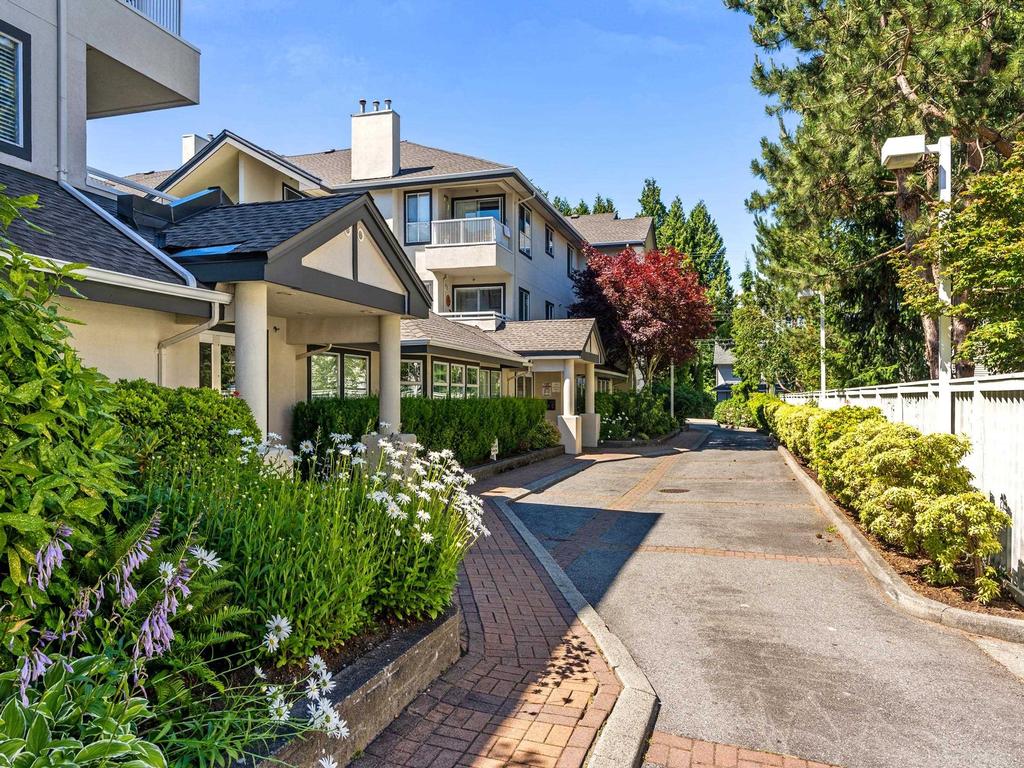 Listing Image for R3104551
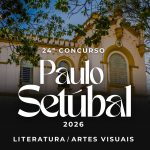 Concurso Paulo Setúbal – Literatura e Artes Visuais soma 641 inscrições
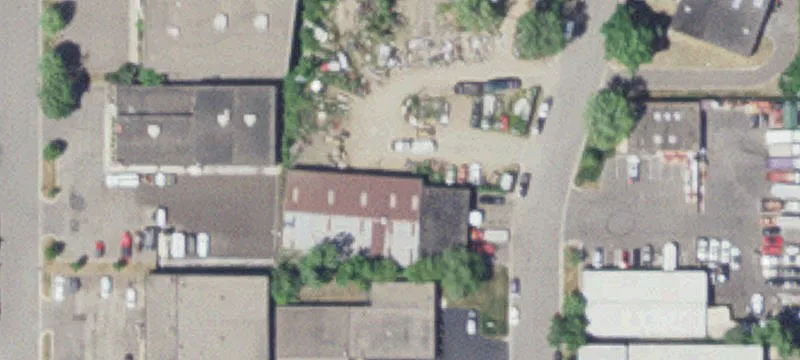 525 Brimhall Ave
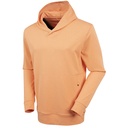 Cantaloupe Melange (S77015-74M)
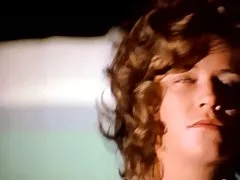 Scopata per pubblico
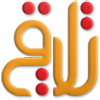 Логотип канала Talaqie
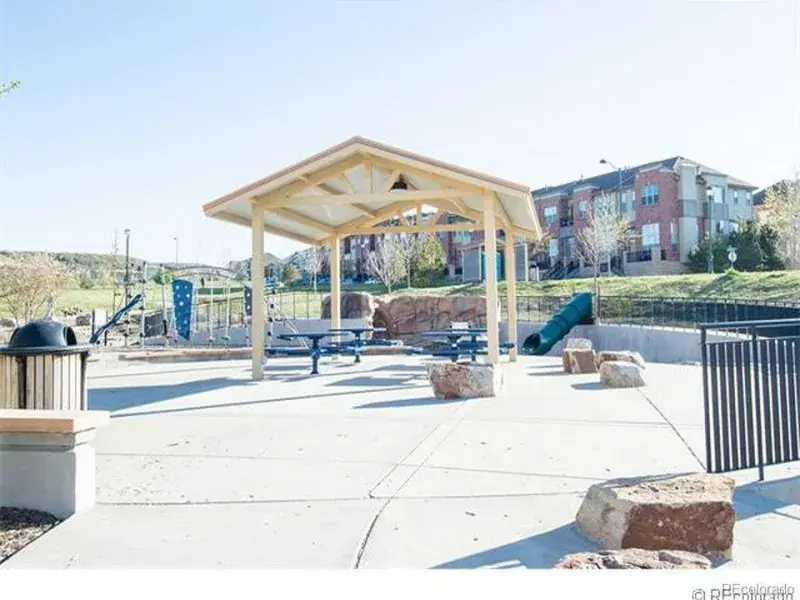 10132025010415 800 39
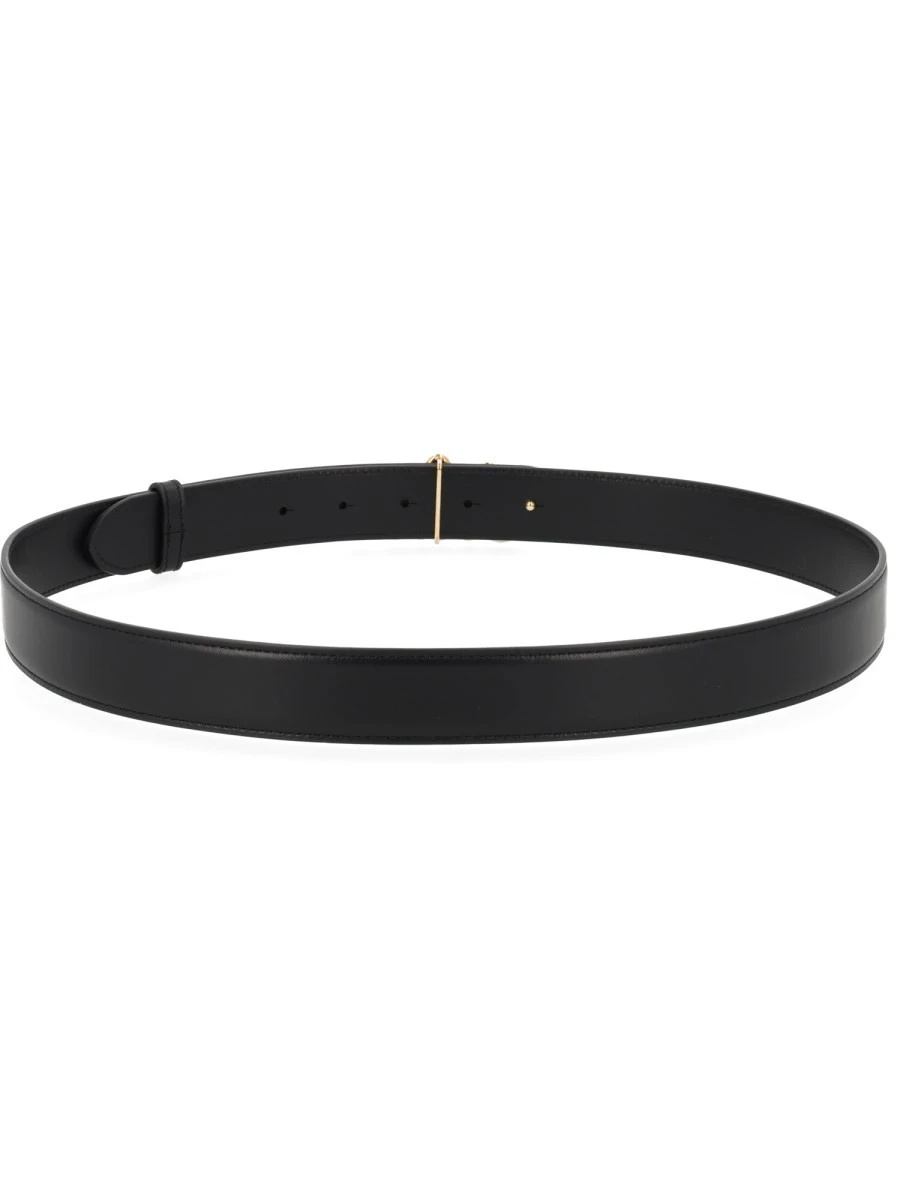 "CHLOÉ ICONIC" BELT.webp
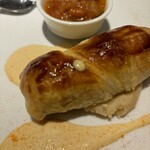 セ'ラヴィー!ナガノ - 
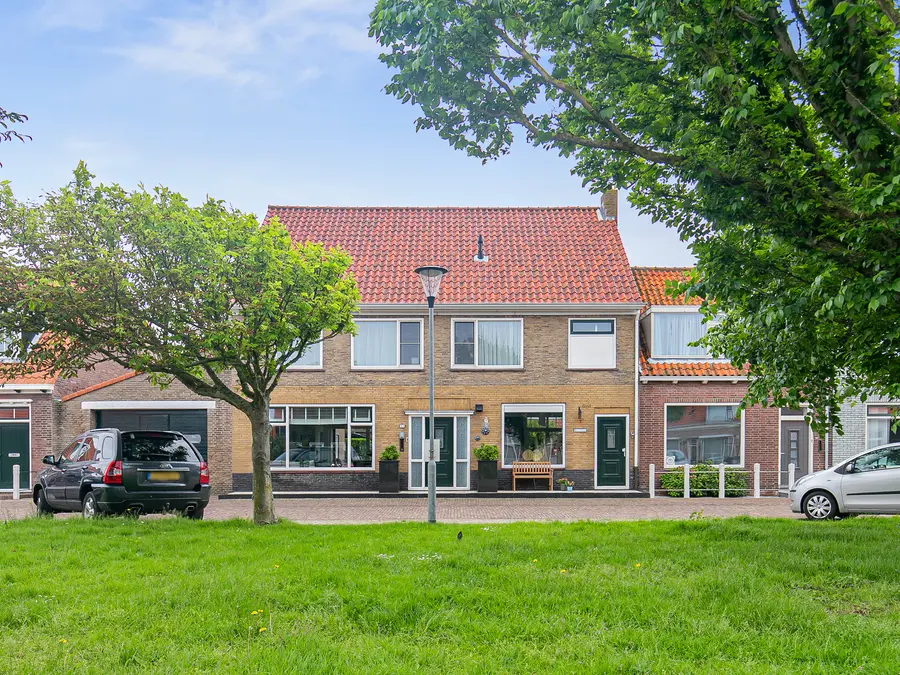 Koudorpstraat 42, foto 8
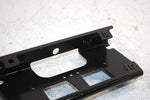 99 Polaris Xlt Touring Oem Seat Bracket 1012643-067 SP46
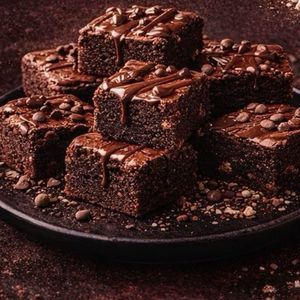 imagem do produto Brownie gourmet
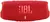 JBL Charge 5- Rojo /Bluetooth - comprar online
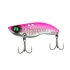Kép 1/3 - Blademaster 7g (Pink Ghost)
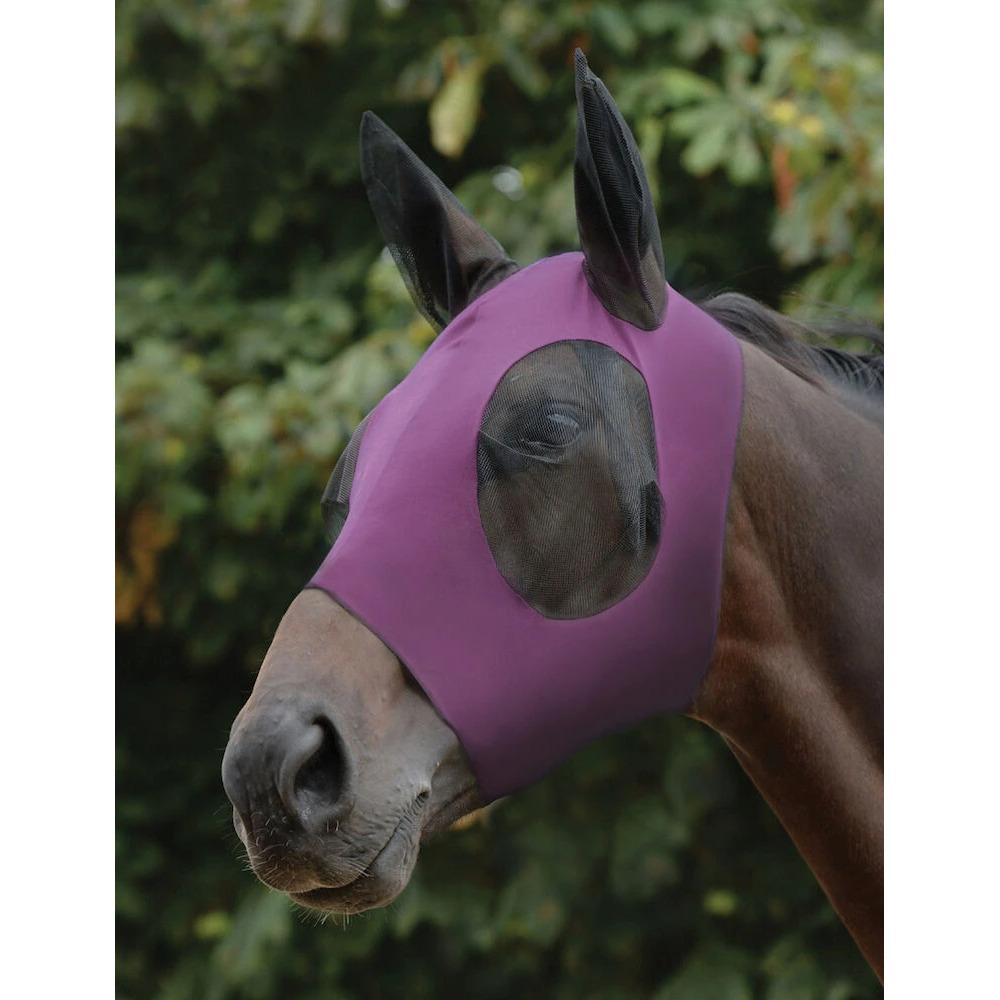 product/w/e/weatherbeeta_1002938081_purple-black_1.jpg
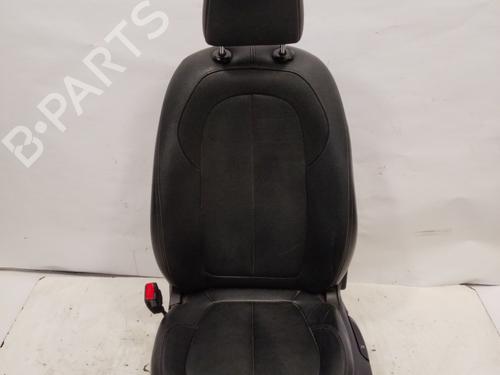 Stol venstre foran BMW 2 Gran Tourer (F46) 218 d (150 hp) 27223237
+--
● **WHAT THE TASK ASKS**: Every entry should be returned exactly as written, minus the pictures.

● **YOUR RESPONSE**:
 Listing Image for R3104551
 Concurso Paulo Setúbal – Literatura e Artes Visuais soma 641 inscrições
 525 Brimhall Ave
 Cantaloupe Melange (S77015-74M)
 Scopata per pubblico
 Логотип канала Talaqie
 10132025010415 800 39
 "CHLOÉ ICONIC" BELT.webp
 セ'ラヴィー!ナガノ - 
 Koudorpstraat 42, foto 8
 99 Polaris Xlt Touring Oem Seat Bracket 1012643-067 SP46
 imagem do produto Brownie gourmet
 JBL Charge 5- Rojo /Bluetooth - comprar online
Kép 1/3 - Blademaster 7g (Pink Ghost)
 product/w/e/weatherbeeta_1002938081_purple-black_1.jpg
 Stol venstre foran BMW 2 Gran Tourer (F46) 218 d (150 hp) 27223237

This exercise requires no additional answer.